* _STORED DATA_:
==================================================

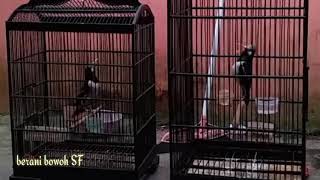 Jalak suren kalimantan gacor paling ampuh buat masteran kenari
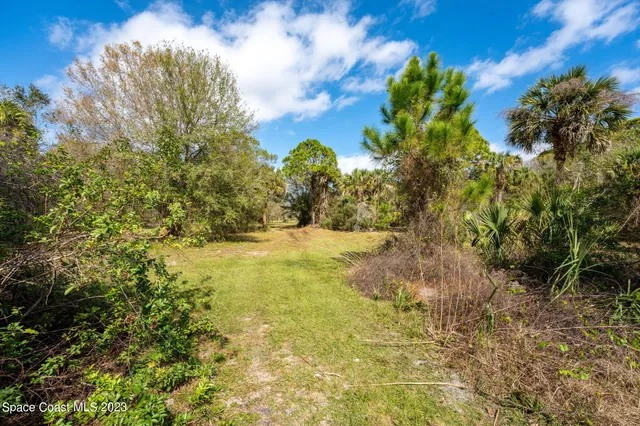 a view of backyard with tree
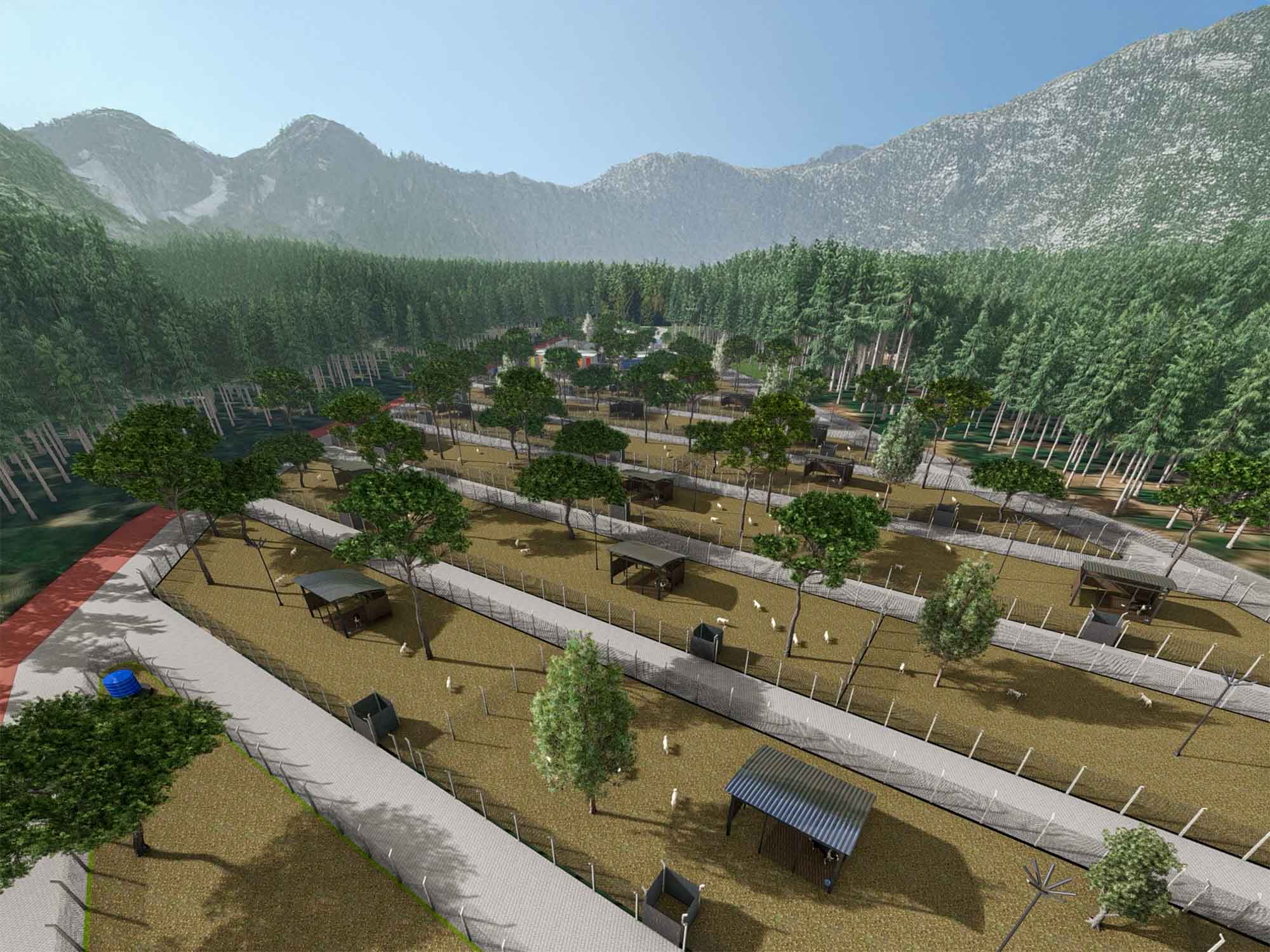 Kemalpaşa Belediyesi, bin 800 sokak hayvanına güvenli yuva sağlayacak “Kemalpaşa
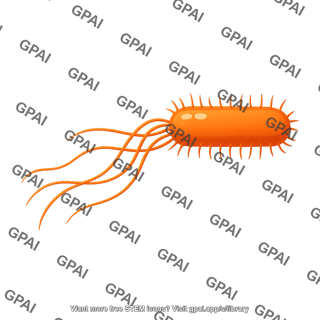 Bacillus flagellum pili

==================================================

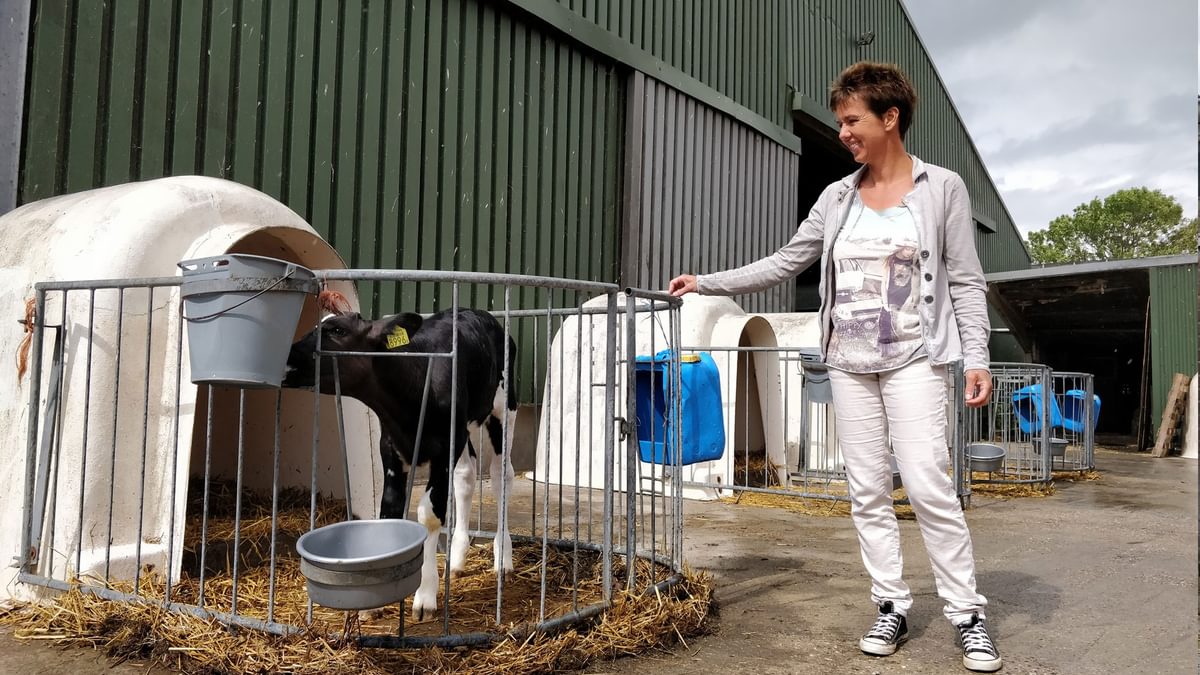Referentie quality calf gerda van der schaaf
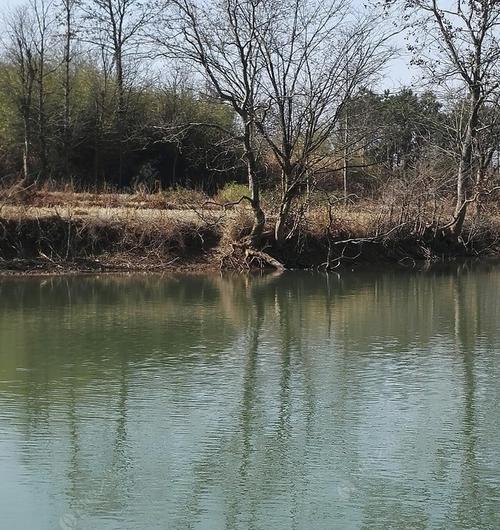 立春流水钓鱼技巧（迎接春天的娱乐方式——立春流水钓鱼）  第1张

==================================================

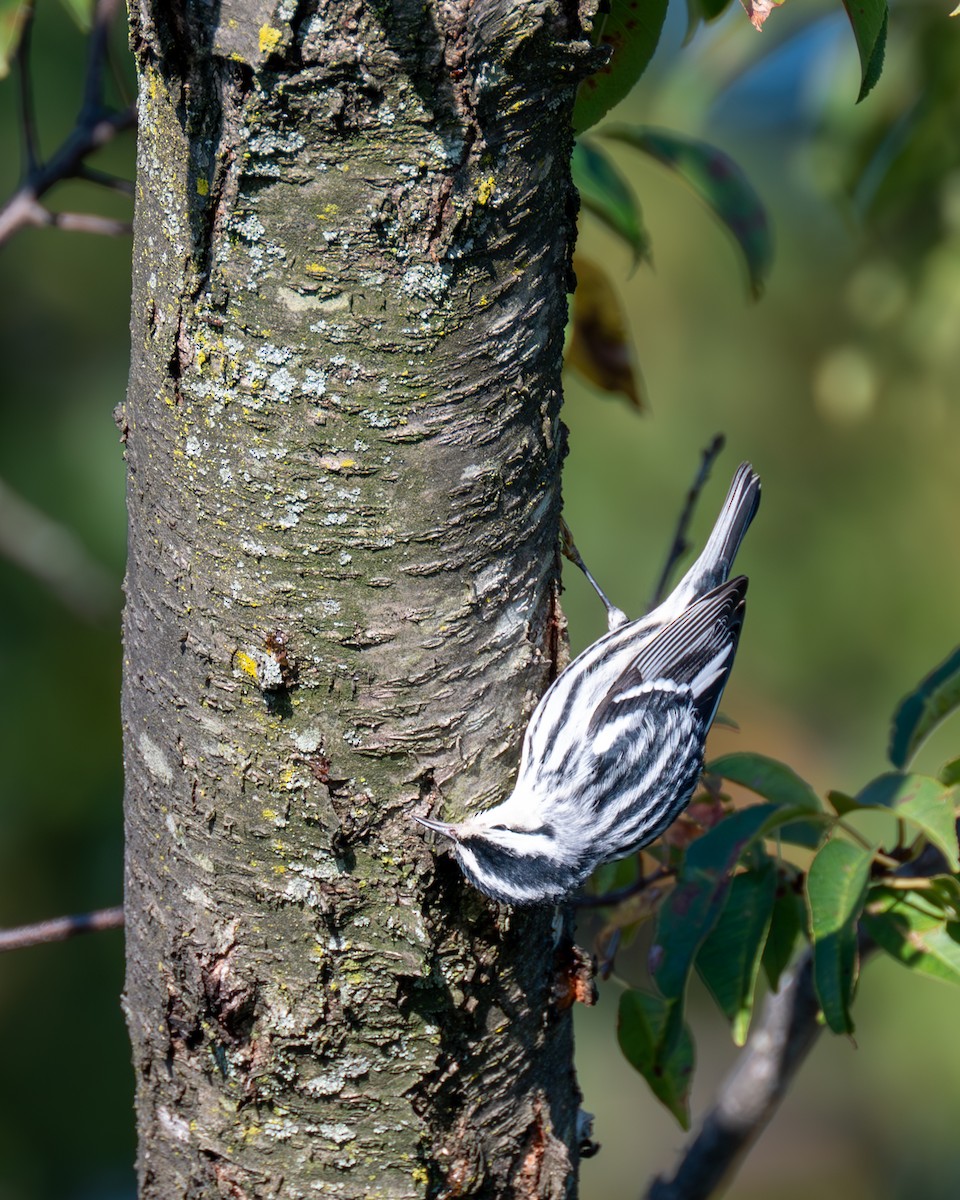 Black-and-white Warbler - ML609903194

==================================================

* _TASK OBJECTIVE_:
Only the lines above starting with the line with "a view of backyard with tree" and going on through the line with "Bacillus flagellum pili" belong in the answer; repeat them exactly, minus any picture.

* _RESPONSE BELOW_:
 a view of backyard with tree
 Kemalpaşa Belediyesi, bin 800 sokak hayvanına güvenli yuva sağlayacak “Kemalpaşa
 Bacillus flagellum pili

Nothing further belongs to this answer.